You will see, then, my struggle. On the one hand, I have claimed that it is wrong to repress heretics beyond banning their proselytism, and on the other hand, I have endorsed a system of government that has, numerous times and consistently, despite a variety of historical circumstances and conditions, produced that very result. This tension must be resolved. So far I can see a few ways to resolve it:

1. I might reject Claim 3 outright. This has the obvious advantage of being easy and allowing me to fully embrace the tradition of historical Christian government in good conscience, but I do not wish simply to take the easy route: I must first see that it is true. And the prejudice I have (as I admit I have yet to reason out much of an argument for it) for holding sacrosanct the freedom of conscience is strong.

2. I might reject Claim 4. Frankly, Claim 4 is one I accept primarily on the force of the consensus history I learned as a child. However, that consensus history always has an Enlightenment liberal bias and often consists of outright lies. However, the evidence on this point seems rather strong. If I pursue this route, I think investigating the history of Orthodox Russia and Byzantium (which I ought to do anyway) is the most promising route.

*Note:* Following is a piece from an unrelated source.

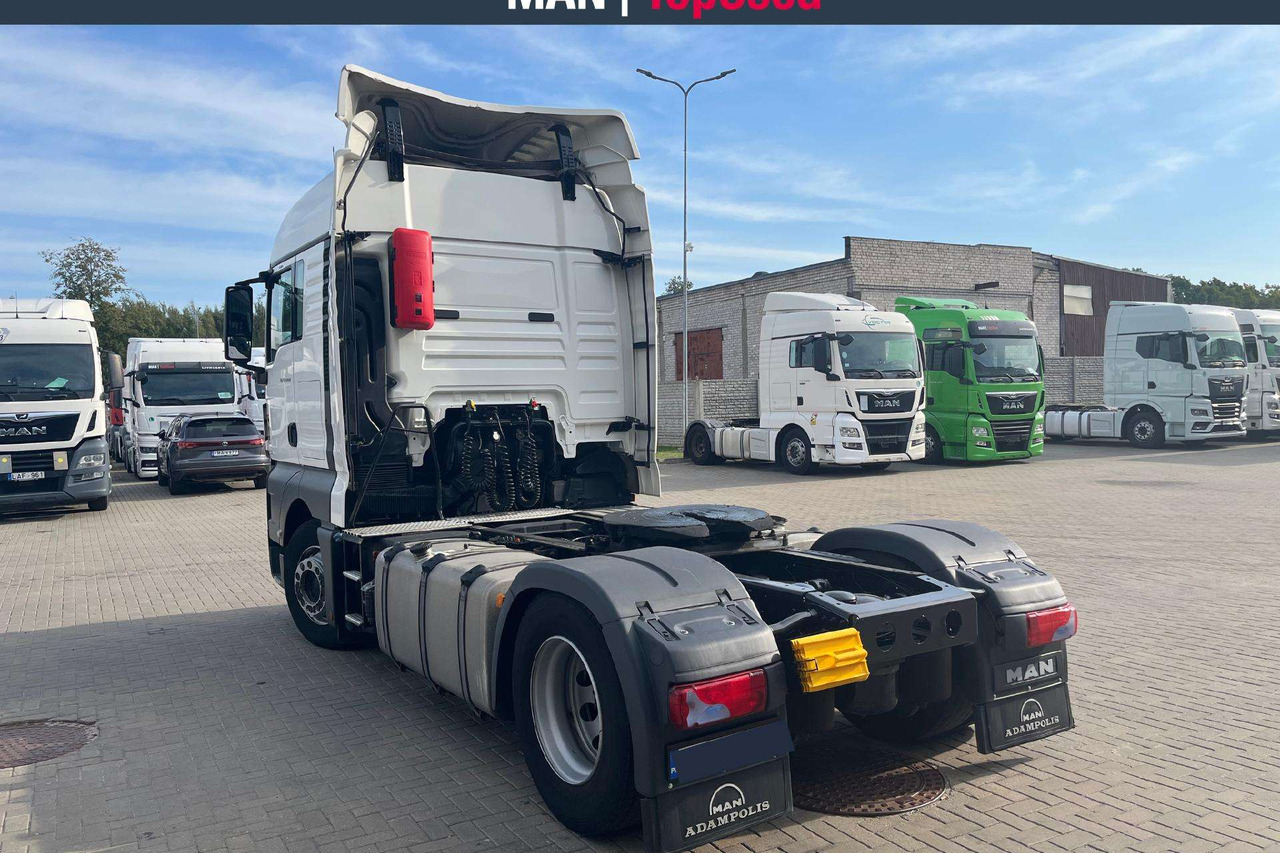 MAN 18.460 4X2 XLX cab (8902) - Tractor unit: picture 3 MAN 18.460 4X2 XLX cab (8902) - Tractor unit: picture 3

3. I might nuance Claim 5, suggesting some modification to the historical structure of the Christian state that would prevent or minimize the likelihood of the undesirable repression in question. The problem with this is that in light of the historical diversity among Christian states, if indeed Claim 4 (consistent repression across all or most of Christendom’s history) is true, it would seem that the problem inheres in the Idea of the Christian state itself rather than some particular, flawed manifestation thereof. And even if it does not, I am not at all sure where to start in modifying the historical pattern to achieve the desired result.

It seems to me that Claim 4 is at once the claim whose removal offers the cleanest solution and whose investigation requires the most work, and I intend to investigate it thoroughly. But I also want to read the thoughts of my readers on this issue. How have my fellow traditionalists reconciled this problem? Do you reject my Claim 3? Do you have some idea how we can change the structure of the Christian state to prevent such persecution in the future? Or must we simply throw up our hands, say “nothing’s perfect,” and remind ourselves of the infinitely greater destruction wrought by secular modernism?